Beginning to tackle the problem of modelling the dynamics of the COVID epidemic. Some ideas:

# create class to tackle predictive tasks for univariate time series
# (1) you pass a set of univariate time series -- e.g., SIRD series for several cities
# (2) specify a (set of) model(s) -- we want to explore ensembles of (interpretable) estimators
# (3) fit the model to the each given series (and have it assessed -- save test results)
# (4) ask for a prediction of lenght h
# (5) create graphical aids to help making sense of the obtained results
# (*) document the premises and relevant literature along the code
#     (for easier reporting, in case this leads to a publication)

# path to follow: threads/thrusts of development

# (1) let's start by using some of the series in the ICMC LABIC's dataset,
#     then move to Brasil.io COVID dataset.
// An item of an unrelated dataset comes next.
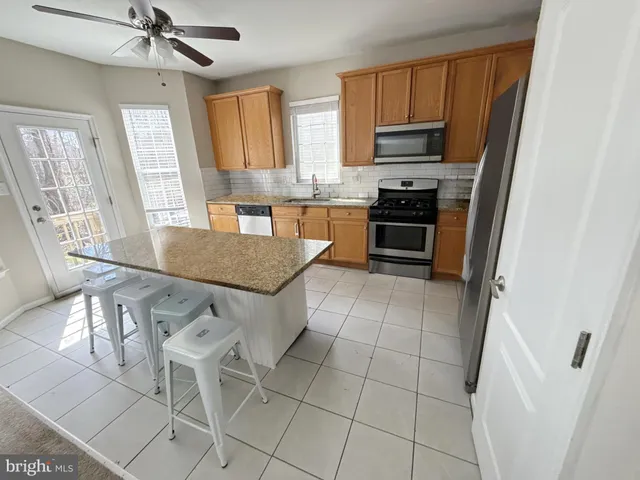 a kitchen with granite countertop a stove cabinets and a refrigerator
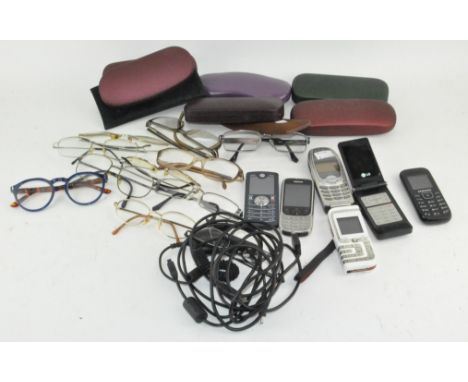 Six vintage mobile phones, Nokia, Motorola, Samsung, LG and eleven pairs of spectacles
To this effect, we need to change the preprocess.py module:
#     (a) we need a map to relate territories to their estimated populations
#         (and maybe also some indicators gathered from the last general elections?)
#     (b) we need to create an option to have time series segmented by territory
#         (i.e., each territory is combined with their SIRD series)

# (2) select a single, simple-to-understand (i.e., interpretable) model,
#     then move towards memory-based models,
#     then move towards representation-based models,
#     and then to ensemble of models
#     -- an initial list of candidate models:
#        kNN-TSPi,
#        SIRD,
#        SARIMA,
#        kNN-SAX,
#        kNN-SAX with our probabilistic representation,
#        ReGENN (https://drive.google.com/file/d/1Lq3j3PwwBG_4ekDOoQHHkhWGbGY01DM9/view)
#               (https://arxiv.org/pdf/2008.12833.pdf)
#        models based on ideas explored by Geoff Webb's team
#        (https://www.youtube.com/watch?v=SOnHXymw48k&t=1071s)

# (3) let's start by replicating Parmezan et al.'s framework of evaluation,
#     and then move towards performance metrics used in Funk et al.
      -- we need a dataset of time series. let's use series of different cities

# *** Is it true that [the dynamics of the disease in City-1 is more similar to that of City-2 than that of City-3 if City-1 is nearer to City-2 than to City-3]?

# *** Can we use the change in direction (i.e., increase or decrease) in a series for the City-1 to predict the change in direction for a series for a neighbouring City-2? I am seeking a way to approximate systematic population movements. Spadon's methods may be useful in answering this question.

# (4) this one is a bit tricky. let's adopt h=14 (2 weeks). Rationale:
#     (a) Funk et al. concluded that predictions beyond this timeframe are no good to orient public policy
#     (b) It seems that 2 weeks is a reasonable timeframe to update/review public policies in Brazil;
#         e.g., SS/SP used this timeframe in their intervention plan: http://www.legislacao.sp.gov.br/legislacao/dg280202.nsf/5fb5269ed17b47ab83256cfb00501469/35ea1f3341ab9b9c83258577004cd65e?OpenDocument&Highlight=0,64.994


# ideas to communicate and engage
# (1) [gamification] given a basic framework (developed here), let's set up (or join an existing) a Kaggle competition; create a video to explain the framework and use our meetings to address doubts and check progress

[7/17/2021 11:19:58 PM] Downloaded Parmezan's dataset from http://sites.labic.icmc.usp.br/icmc_tspr/index.php/datasets

[7/19/2021 12:31:18 PM]
This thread will be freezed until next week, so I outline the next steps to be taken.
(1) The inverse.py script succeeded in solving the inverse problem for COVID data (from Brasil-io), but it fails with simulated data (generated using SIRD.py script). It seems that it has to do with the fact that the simulation uses RK2 to simulate the SIRD model, and Euler's method is being used in the inverse.py script. Next step: adapt inverse.py to use RK2 as well. This will require going back to the bench to reformulate the estimation and reconstruction procedures.

(2) Inspecting the results for the inverse problem for the simulated data made me realise that we are seeking an 'theoryfull' estimator (in Valiant's sense), instead of a 'theoryless' estimator (like machine-learning or statistical methods), because we need interpretable models in health applications.

(3) What about inviting Spadon to give us a talk about ReGENN?